__Data to examine__
━━━━━━━━━━

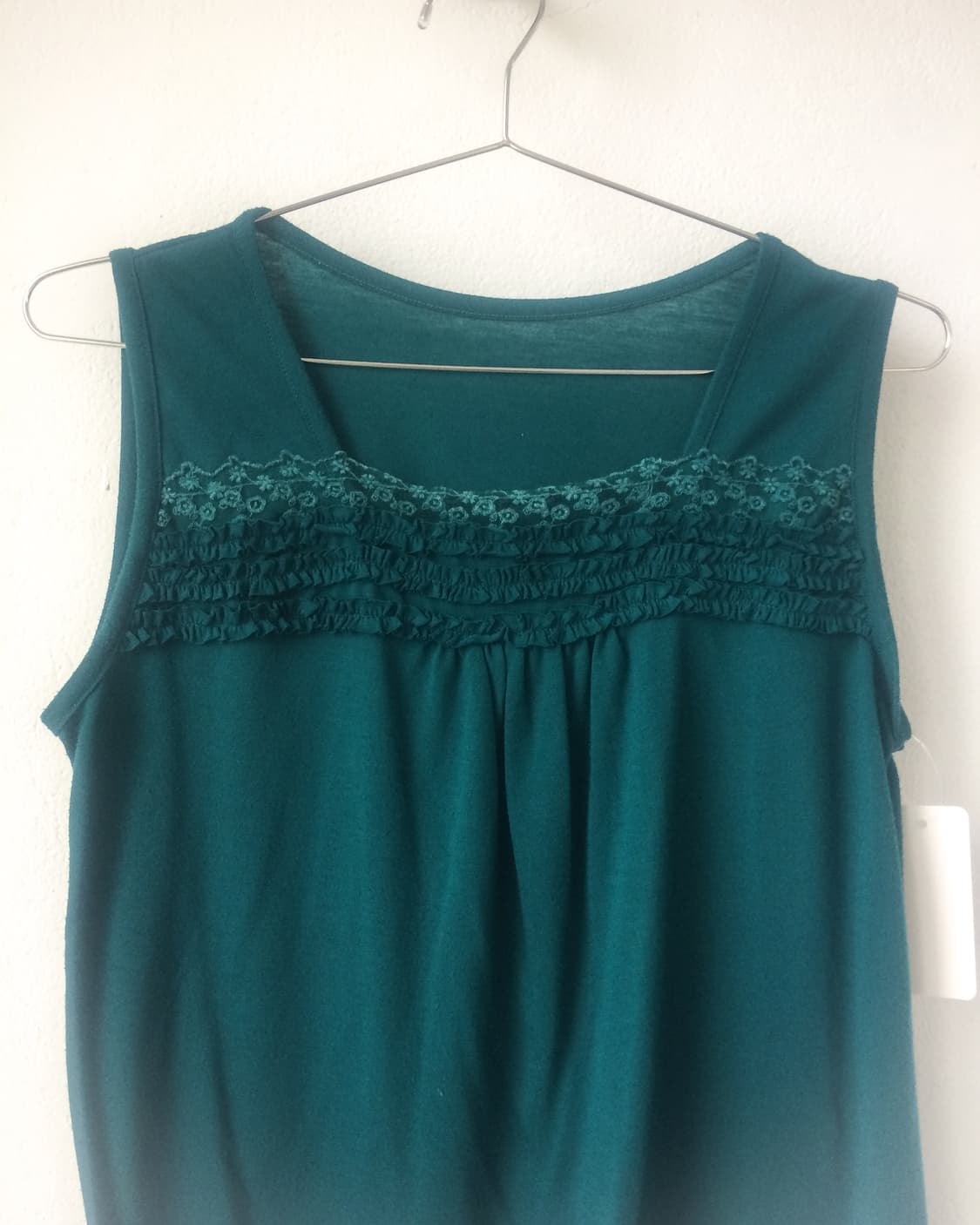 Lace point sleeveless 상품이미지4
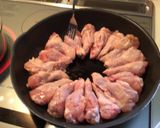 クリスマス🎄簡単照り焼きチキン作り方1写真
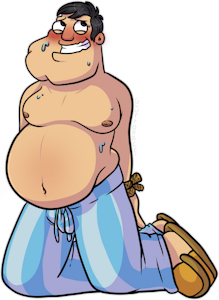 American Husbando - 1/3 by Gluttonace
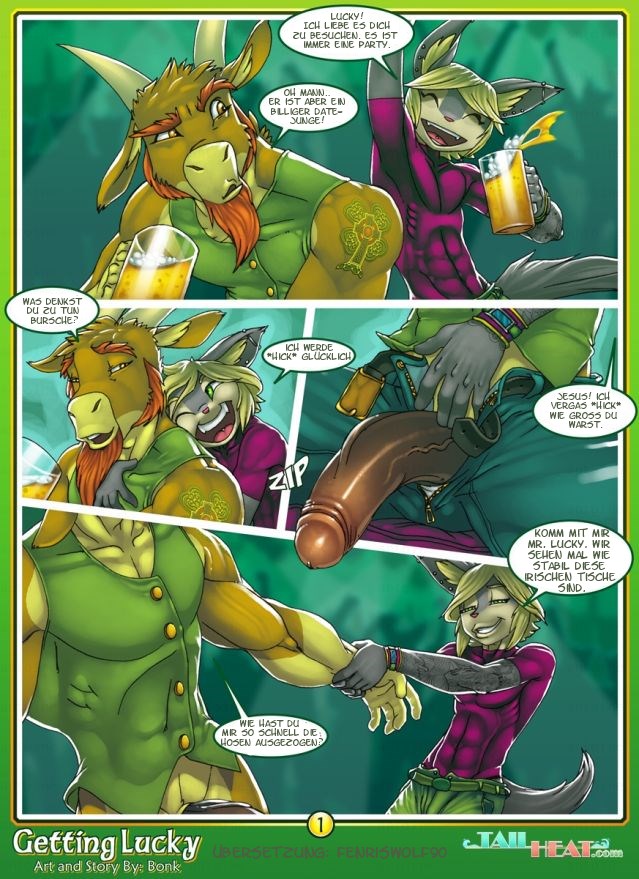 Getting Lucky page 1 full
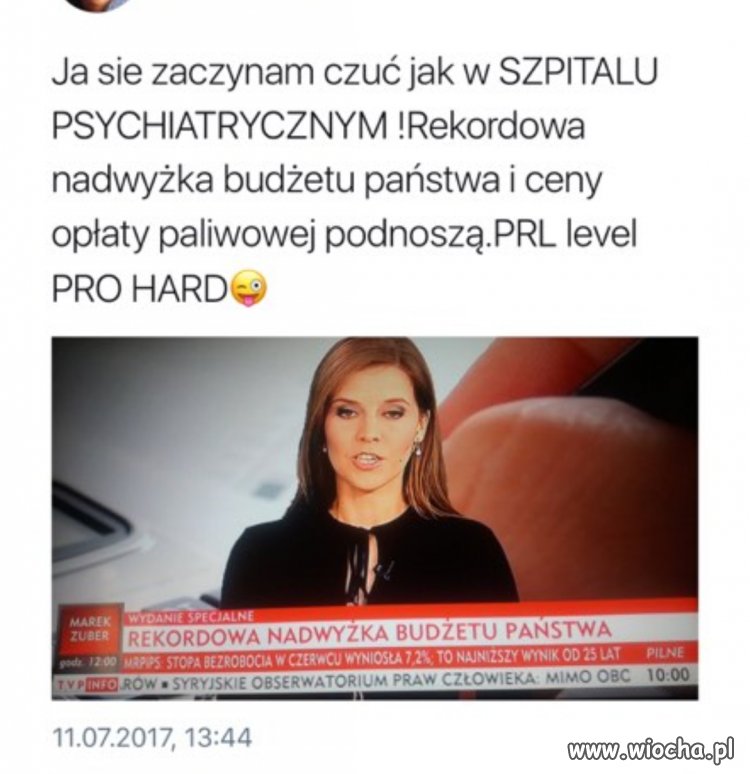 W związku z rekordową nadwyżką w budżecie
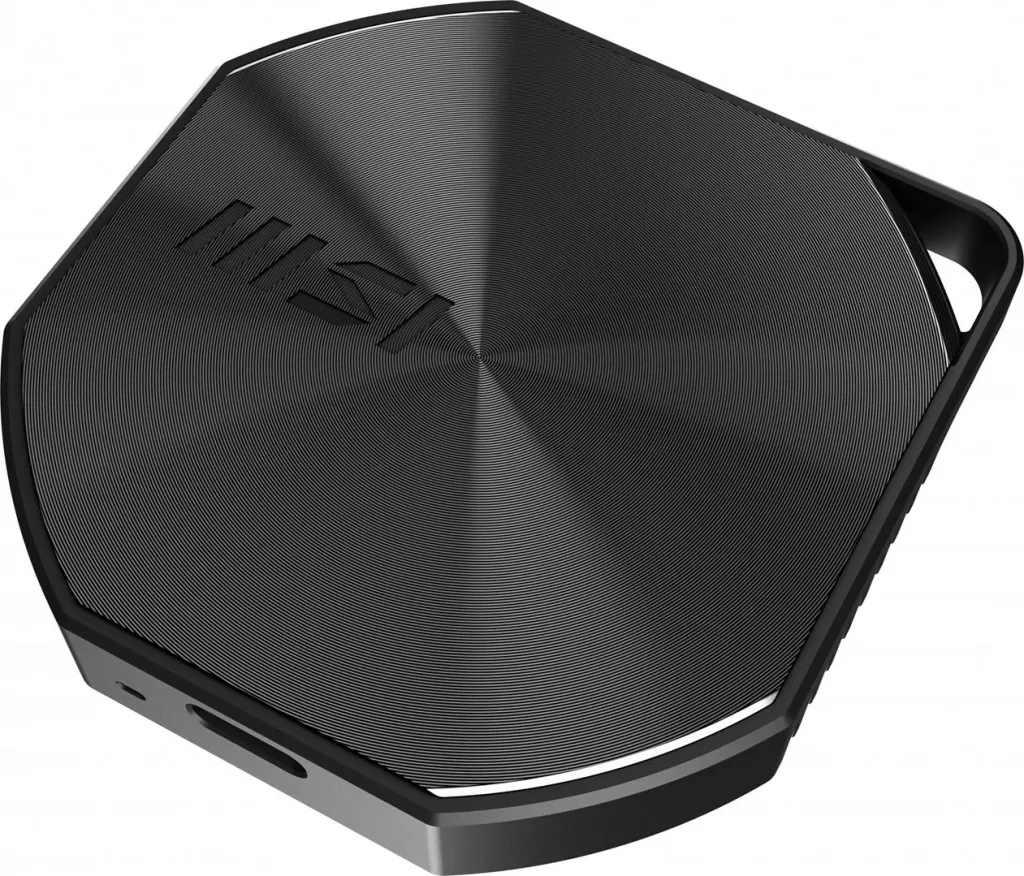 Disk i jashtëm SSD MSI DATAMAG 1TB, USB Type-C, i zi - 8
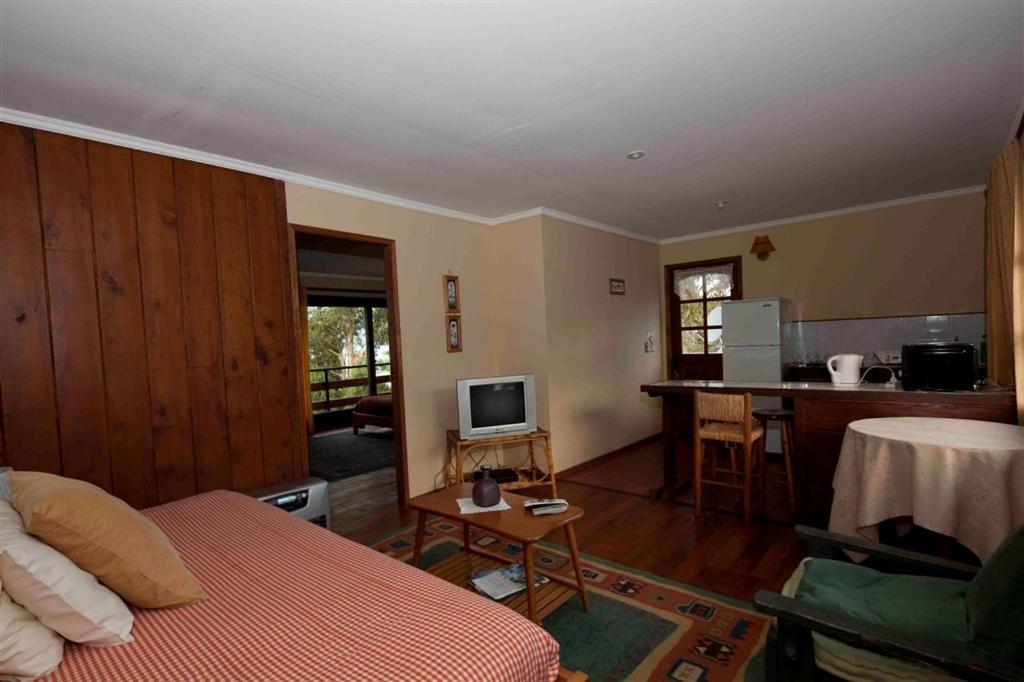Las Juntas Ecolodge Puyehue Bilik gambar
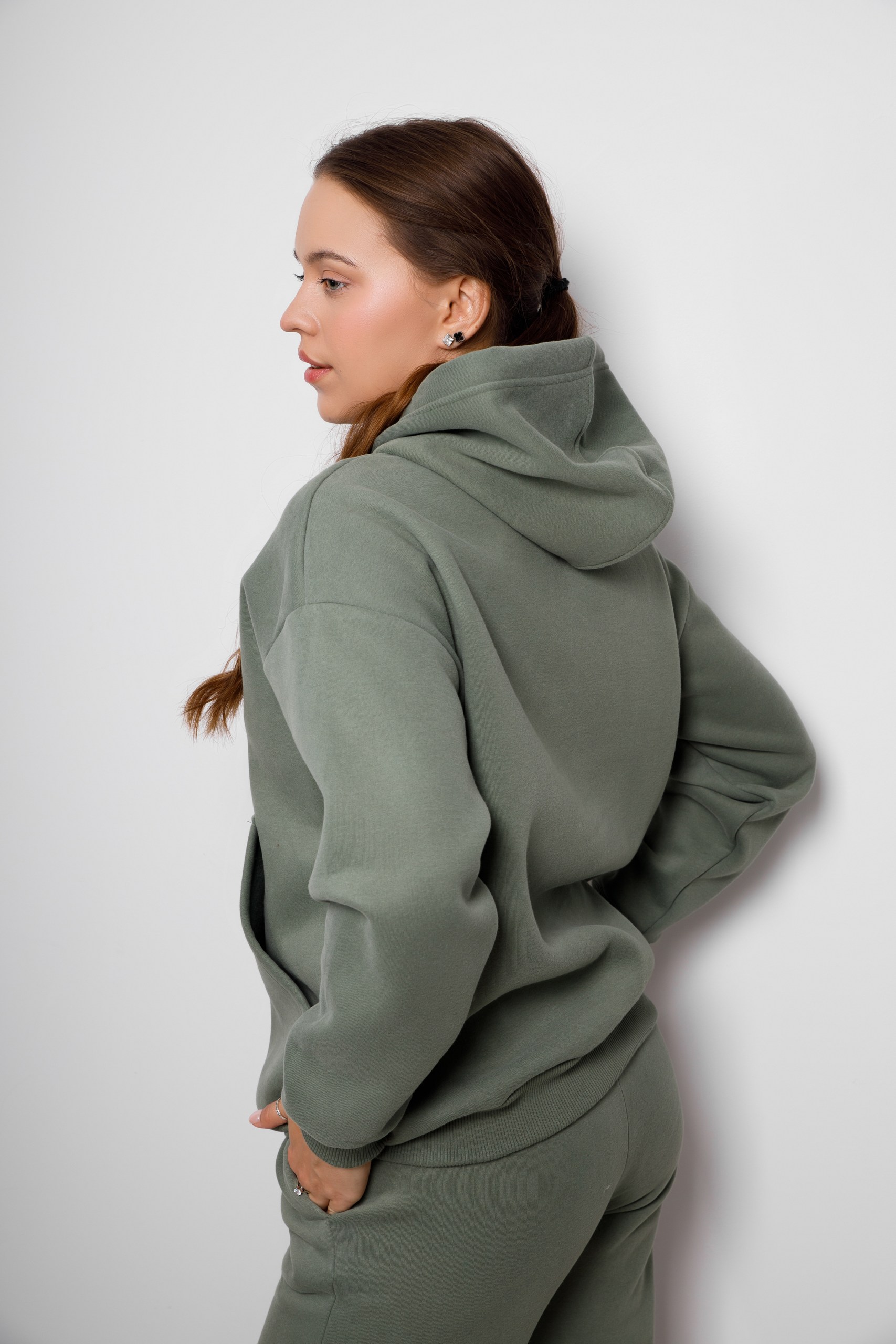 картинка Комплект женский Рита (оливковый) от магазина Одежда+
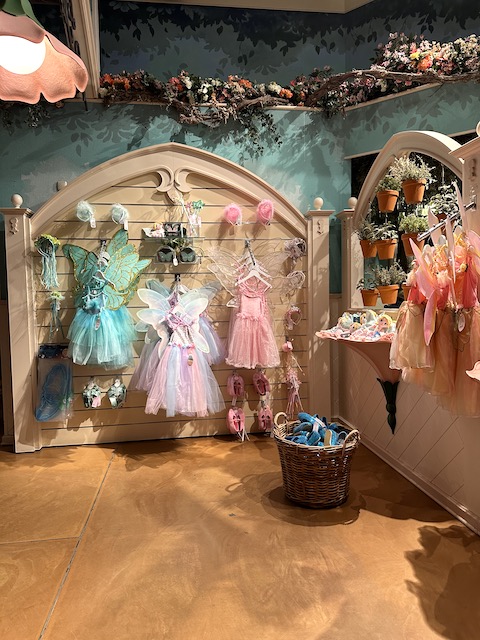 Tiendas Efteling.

━━━━━━━━━━

__Work order__
Nothing but the lines from the one that contains "Disk i jashtëm" through the last line of the material should be written out, exactly. Omit pictures.

__Exercise answer__
 Disk i jashtëm SSD MSI DATAMAG 1TB, USB Type-C, i zi - 8
Las Juntas Ecolodge Puyehue Bilik gambar
 картинка Комплект женский Рита (оливковый) от магазина Одежда+
 Tiendas Efteling.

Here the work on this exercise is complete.